-- Exercise materials --

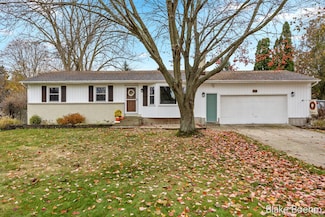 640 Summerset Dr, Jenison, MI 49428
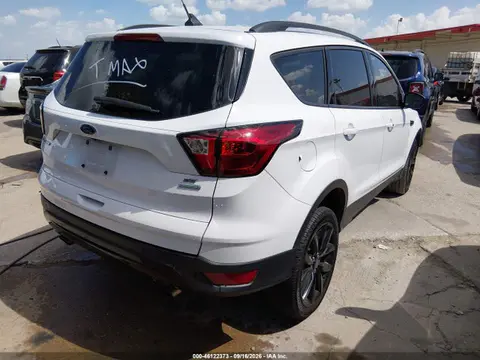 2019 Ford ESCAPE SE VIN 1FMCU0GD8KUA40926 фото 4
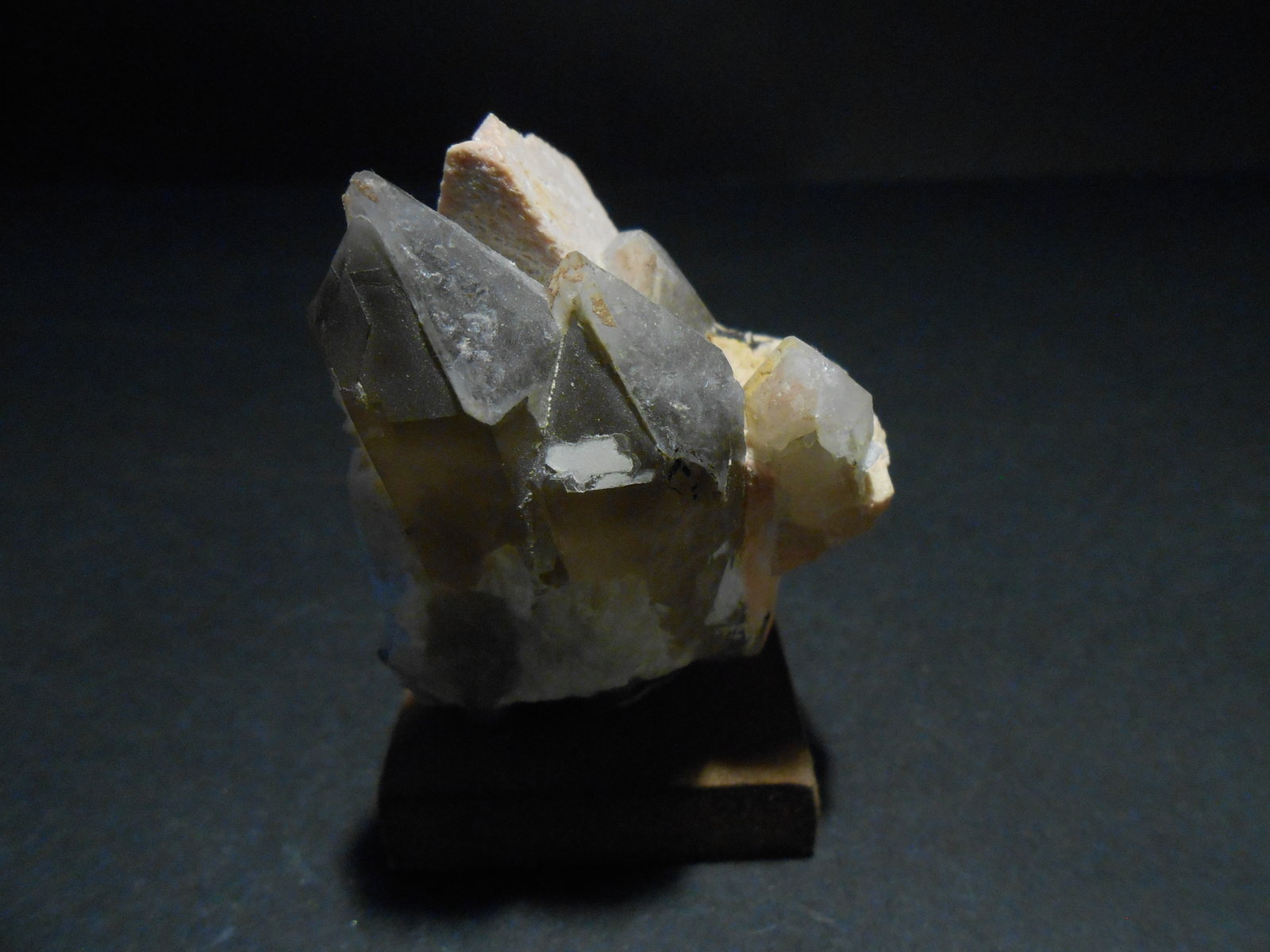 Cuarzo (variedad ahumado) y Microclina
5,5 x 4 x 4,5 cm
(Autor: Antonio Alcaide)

-- Problem statement --
Repeat each entry above exactly. Omit the pictures.

-- Answer box --
 640 Summerset Dr, Jenison, MI 49428
 2019 Ford ESCAPE SE VIN 1FMCU0GD8KUA40926 фото 4
 Cuarzo (variedad ahumado) y Microclina
5,5 x 4 x 4,5 cm
(Autor: Antonio Alcaide)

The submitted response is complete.